Web page caption snippets:
========================================================================

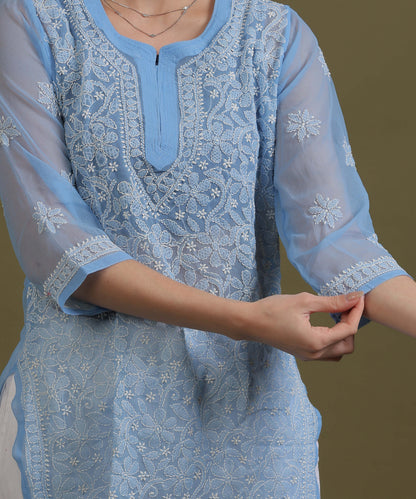 NEA Chikankari Ice Blue Georgette Short Kurti With White Embroidery
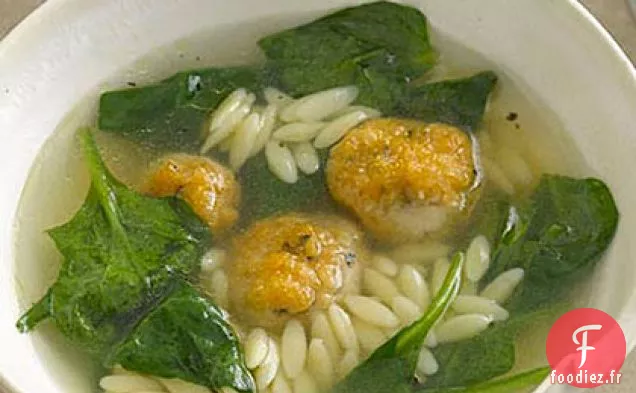 Soupe de Boulettes de Viande au Poulet et à l'Orzo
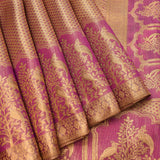 Magenta Pink Kanjivaram Silk Saree With Gold Zari Shikargah Peacock And Floral Jaal Weave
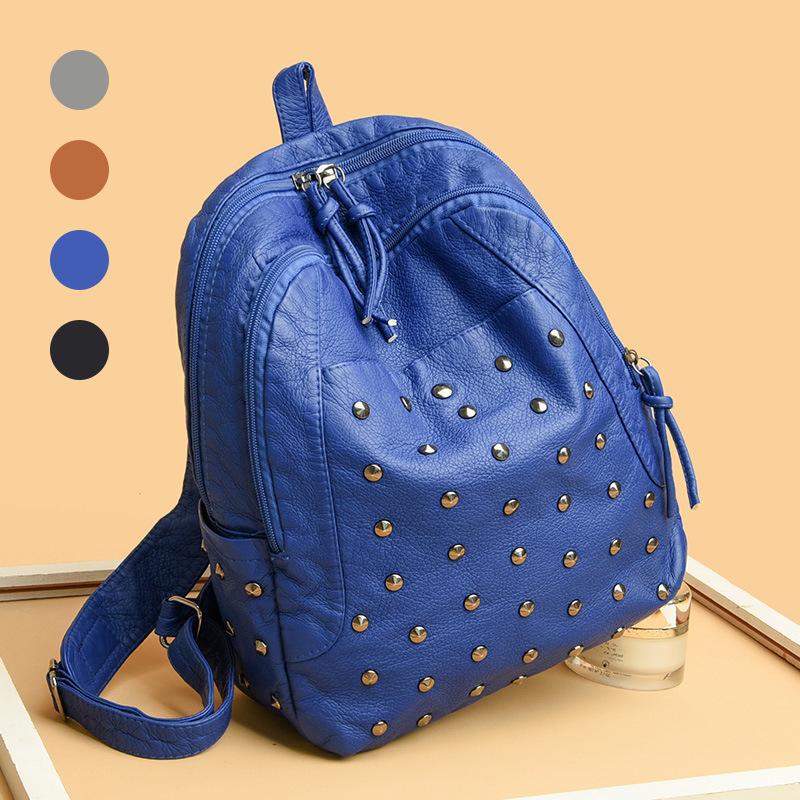 Рюкзак с заклепками большой вместимости премиум-класса, женский новый рюкзак для отдыха и путешествий, студенческий школьный рюкзак, женская сумка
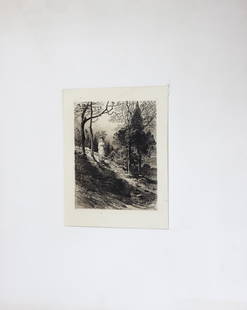 J.D Smillie (1833-1909) American, Etching 1880: Etching by James David Smillie, an American artist from New York who was associatedwith the Realist and Romantic movements of the 1880’s. He was known for landscapeengravings and collaborated on ill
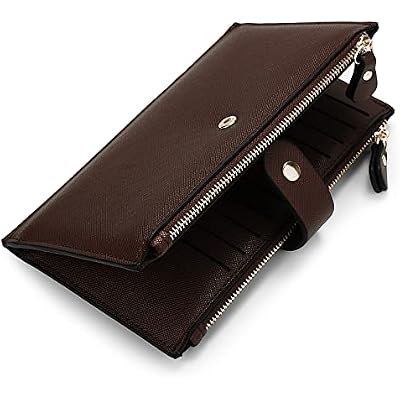 YALUXE Leather Wallets for Women Double Zipper Pockets Phone Holder 22 Card Slots Organizer Billfold with ID Window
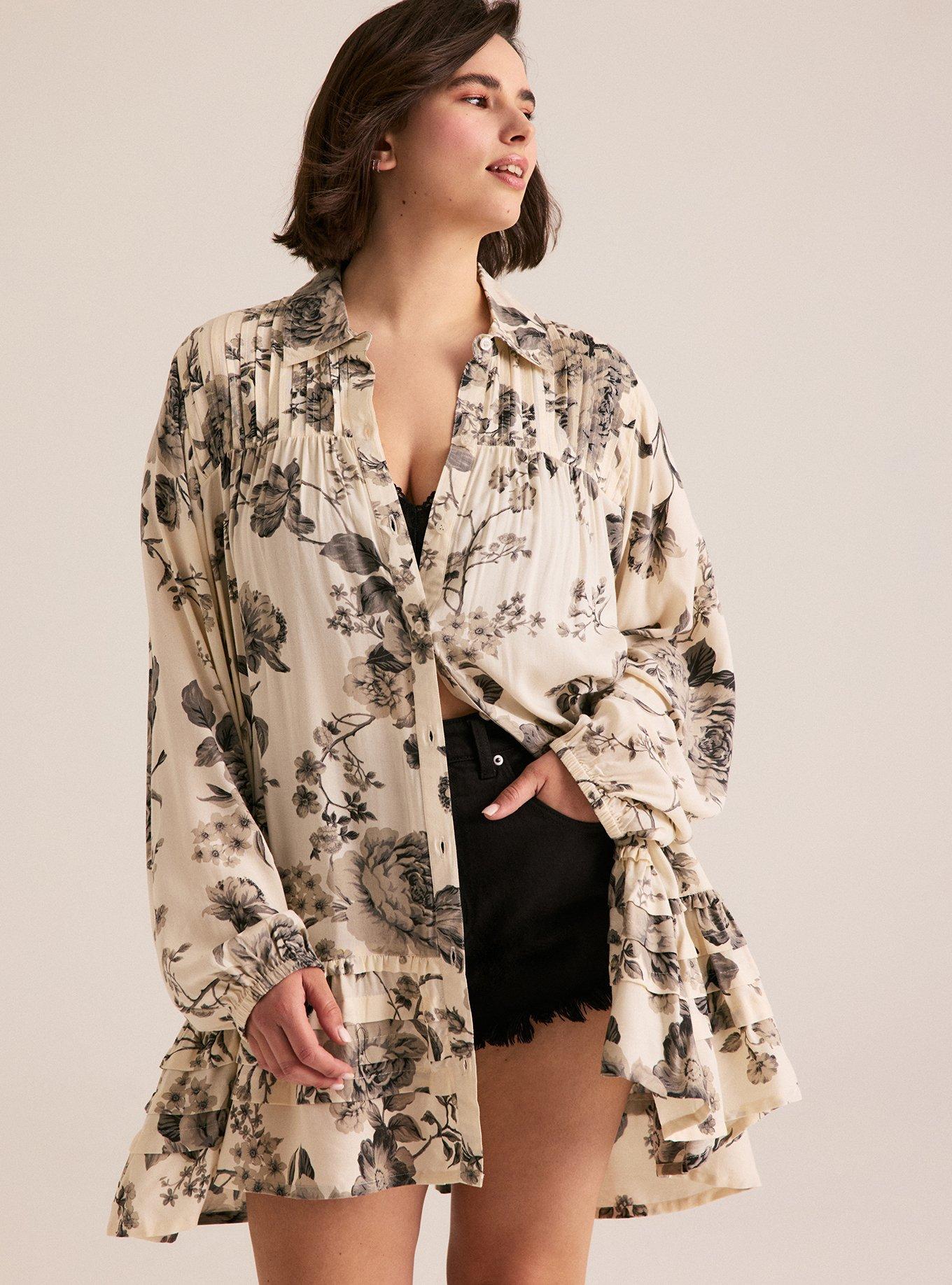 Plus Size Festi Pintuck Button-Front Tunic, HAL FLORAL CREAM, hi-res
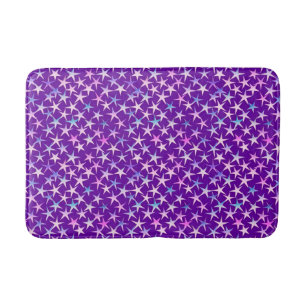 Satin sterren, lavender op paars badmat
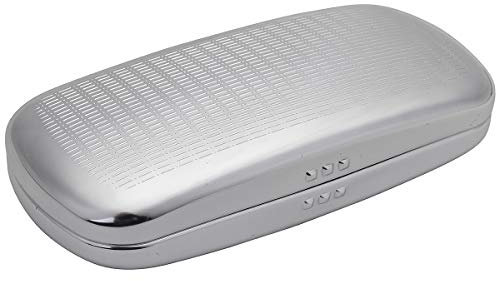 Philley Brillenetui aus Aluminium mit hartem Streifen gefüttert Metall Sonnenbrillen für Frauen&Mann(Silber)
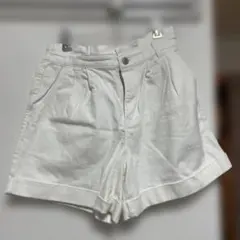 ホワイト ハイウエスト ショートパンツ L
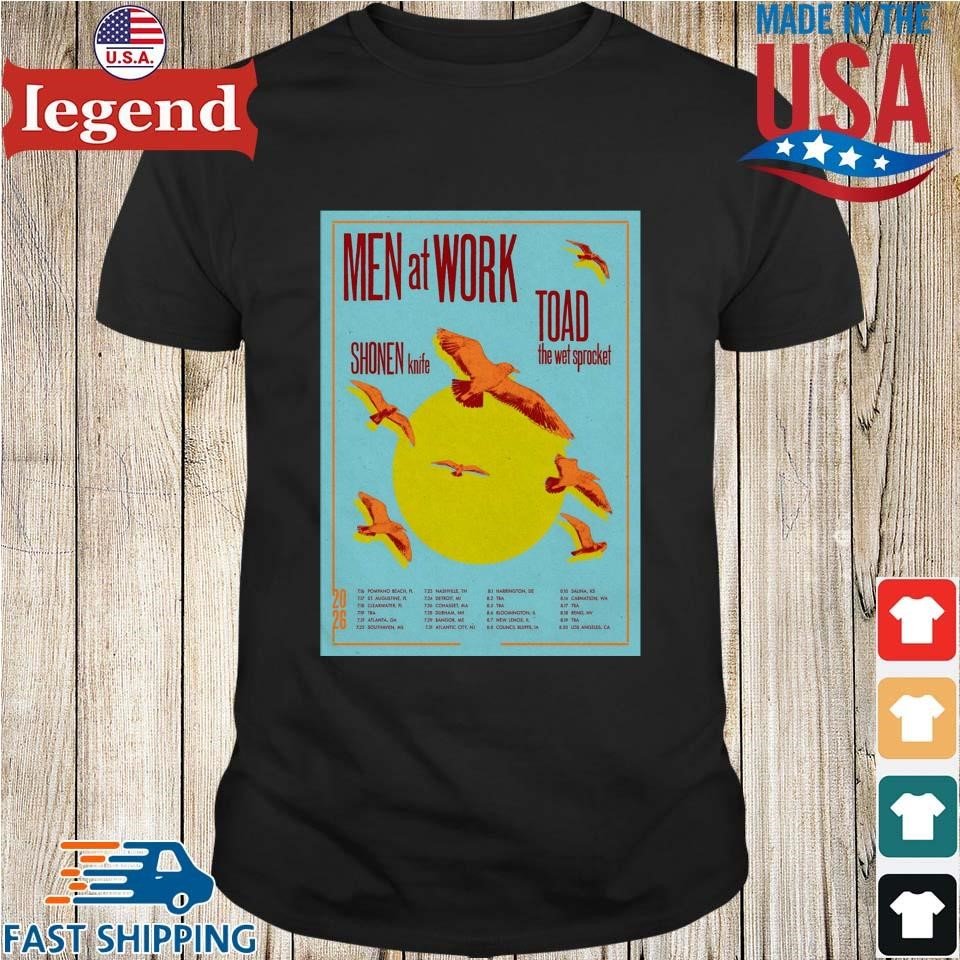 SLegendusashirt's tweet image. Men at Work Summer 2026 Shows T-Shirt – A fan tee celebrating Men at Work’s Summer 2026 tour shows, ideal for fans and concert apparel collectors.

Shop here: legendusashirt.com/product/men-at…

#MenAtWork #TourMerch #Summer2026 #ConcertTshirt #LegendUSAShirt #MusicFans #BandApparel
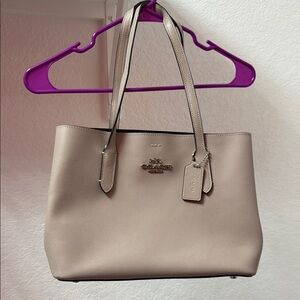 Coach Tan Structured Tote Bag with Double Straps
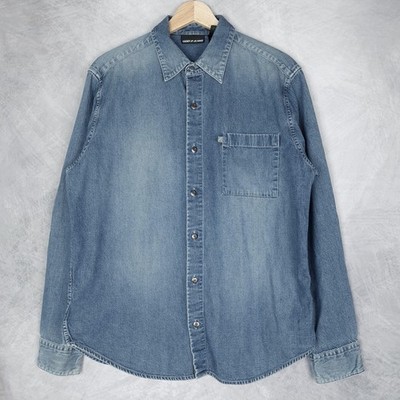 Vintage DKNY Jeans Shirt Mens Medium Blue Denim Long Sleeve Button Up Y2K
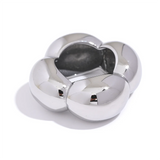 18K Gold Plated Stainless Steel Flower Hollow Big Fashion Statement Ring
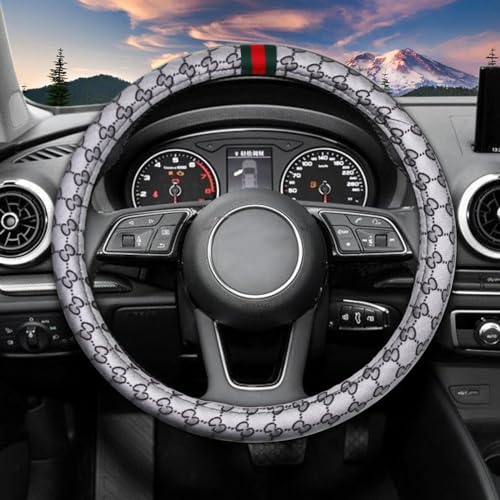 5PCS Steering Wheel Cover, with 2 Headrests, 2 Seat Belt Covers - Universal Fit for 14.5-15" Steering Wheel, Enhances Driving Experience - Perfect for Women (Gray) - color: Gray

========================================================================

THE TASK: The required output is every line from the one containing "#MenAtWork #TourMerch #Summer2026" through the last line of the records, inclusive, reproduced exactly and without pictures.

ANSWER AREA:
#MenAtWork #TourMerch #Summer2026 #ConcertTshirt #LegendUSAShirt #MusicFans #BandApparel
 Coach Tan Structured Tote Bag with Double Straps
 Vintage DKNY Jeans Shirt Mens Medium Blue Denim Long Sleeve Button Up Y2K
 18K Gold Plated Stainless Steel Flower Hollow Big Fashion Statement Ring
 5PCS Steering Wheel Cover, with 2 Headrests, 2 Seat Belt Covers - Universal Fit for 14.5-15" Steering Wheel, Enhances Driving Experience - Perfect for Women (Gray) - color: Gray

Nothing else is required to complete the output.